# Where do legs poms sit?



## Malasarus (Apr 4, 2016)

Start with the back legs, and find the dog's "heel". Trim down to a couple finger widths above that. Depending on the size of the dog you may find this is a bit too high, you can bring it down a bit to look proportionate if needed, but it should remain above the heel. The pom should be relatively level, but the front side should be a bit lower than the heel side. Not much, don't exaggerate it too deeply. Doing it level is fine if in doubt.

Once that is done the rest is easy. The front poms should be even with the front of the rear pom, and be level all the way around.


----------



## CharismaticMillie (Jun 16, 2010)

What Malasarus said, except that the top of the front poms are typically set a little higher than the top of rear poms, per current trend.

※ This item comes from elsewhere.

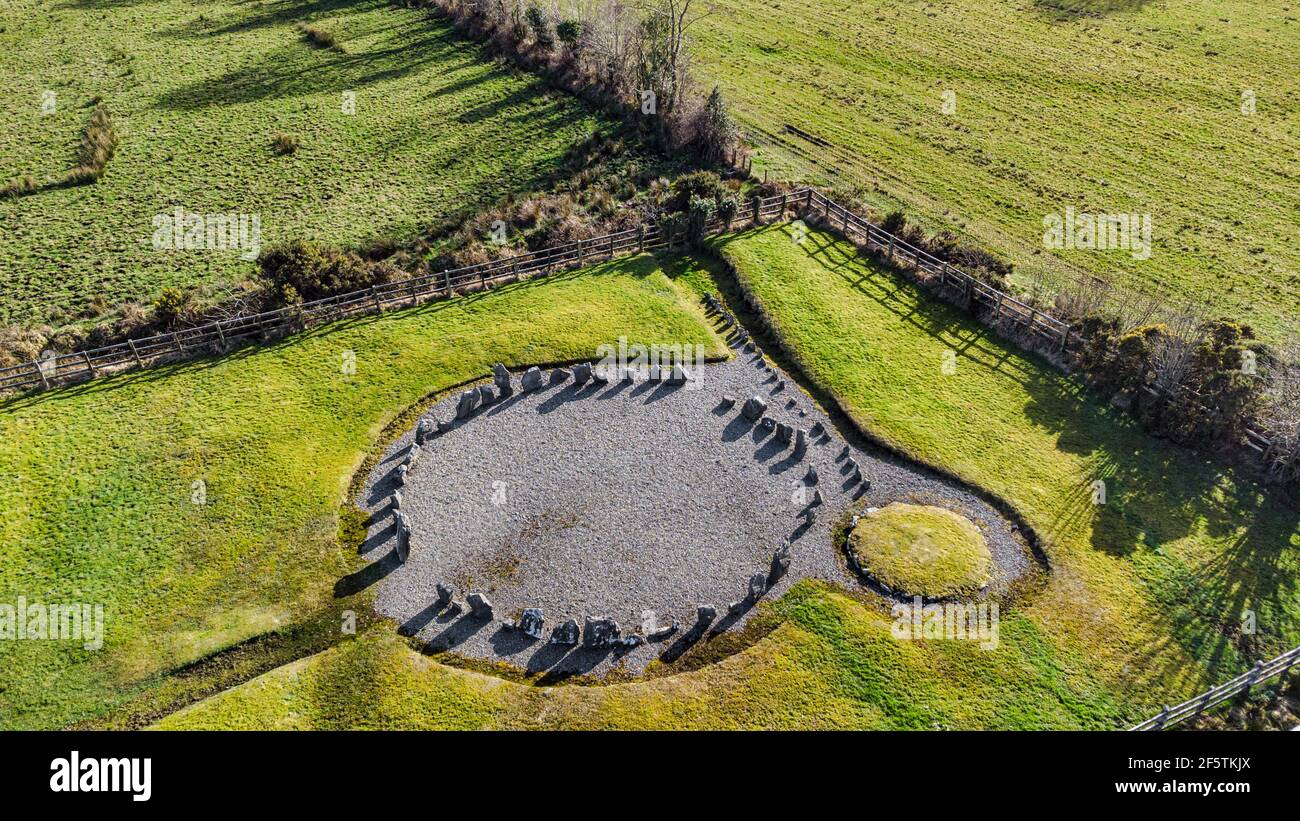 An aerial view of Drumskinney stone circle in County Fermanagh, Northern Ireland Stock Photo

I have one somewhere of him standing on level ground so you can really see the bracelet placement, but it's on my laptop at home.


----------



## King Louie (May 27, 2016)

This really helped me for bracelet placement of course you'll need to make adjustments for a mini but it's still pretty much the same. https://youtu.be/zWJ5zExf3QQ


----------



## LittleAussiePoodle (Jun 2, 2016)

Thanks everyone, this was really helpful. I'll have to try this when Hendrix's fur gets long again.


----------